Lab 4: Descriptive assessment of datasets


  • Read/ annotate: Recipe #4. You can refer back to this document to help you at any point during this lab activity.
  • Note: do your best to employ what you've learned and use other existing resources (R documentation, web searches, etc.). If, however, you get stuck you are encouraged to view the lab model (lab_4_model.Rmd) for hints to get back on track.


  • Read and inspect the structure of a dataset.
  • Identify and apply the appropriate descriptive methods for a vector's informational value.
  • Descriptively assess both single variables and multiple variables with the appropriate statistical, tabular, and/ or graphical summaries.
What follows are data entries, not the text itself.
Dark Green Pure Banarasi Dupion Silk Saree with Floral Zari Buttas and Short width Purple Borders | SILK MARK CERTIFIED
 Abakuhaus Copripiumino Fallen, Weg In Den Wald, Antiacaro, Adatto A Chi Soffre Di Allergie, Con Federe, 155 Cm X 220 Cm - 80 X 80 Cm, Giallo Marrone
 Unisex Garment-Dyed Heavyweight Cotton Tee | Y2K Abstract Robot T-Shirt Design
  1. Create a new R Markdown document. Title it "Lab #4" and provide add your name as the author.
  2. Edit the front matter to have rendered R Markdown documents print pretty tabular datasets.
  3. Delete all the material below the front matter.
  4. Add a code chunk directly below the header named 'setup' and add the code to load the following packages
  • tidyverse
  • janitor
  • skimr


  1. Create four level-1 header sections named: "Read and inspect", "Single variables", "Multiple variables", and "References".
  2. Follow the instructions that follow adding the relevant prose description and code chunks to the corresponding sections.


  • Add code comments (# code comments...) to your code lines to clarify what each step of your code does.
  • Use Markdown syntax as necessary to format your responses
  • Use keyboard shortcuts inside code chunks/ the R Console (<-, %>%, code completion hints, etc.)

Read and inspect

In this lab you will be working with a curated dataset drawn from the CEDEL2 Corpus (L2 Spanish written corpus). The observations in this dataset represent compositions written by L1 English-L2 Spanish learners.

  • Cite the dataset adding bibliography: references.bib in the front matter and using the correct citation key (found in references.bib).
  • Read the dataset (data/derived/cedel_dataset.rds) and describe the dataset:
    • How many compositions (observations) are in this dataset?
    • How many measures (variables) are in this dataset?
      • What type informational values does each contain?
      • What describe the type of measure of each variable.

Single variables


  • Summarize the categorical variables sex and proficiency.
    • Use tabular and/ or graphical methods, as appropriate.
  • In a prose description, describe any notable aspects of these two variables.


  • Summarize the any two of the four variables placement_test_score_percent, num_tokens, num_types, or ttr.
    • Use statistical and/ or graphical methods, as appropriate.
  • In a prose description, describe any notable aspects of these two variables.

Multiple variables

Consider what you have learned about this dataset by exploring the previous variables. With this in mind, summarize at least two relationships that involve two variables.

  • Use tabular, statistical and/ or graphical methods, as appropriate.
  • In a prose description, describe any notable aspects of these two relationships.


Add a section which describes your learning in this lab.

Some questions to consider:

  • What did you learn?
  • What was most/ least challenging?
  • What resources did you consult?
  • What more would you like to know about?


  1. To prepare your lab report for submission on Canvas you will need to Knit your R Markdown document to PDF or Word.
  • Note: you will have to add the front matter line to pretty-print tables under the pdf_document: or pdf_document2: (if you want cross-references to tables or figures) output.
    df_print: kable
  1. Download this file to your computer.
  2. Go to the Canvas submission page for Lab #4 and submit your PDF/Word document as a 'File Upload'. Add any comments you would like to pass on to me about the lab in the 'Comments...' box in Canvas.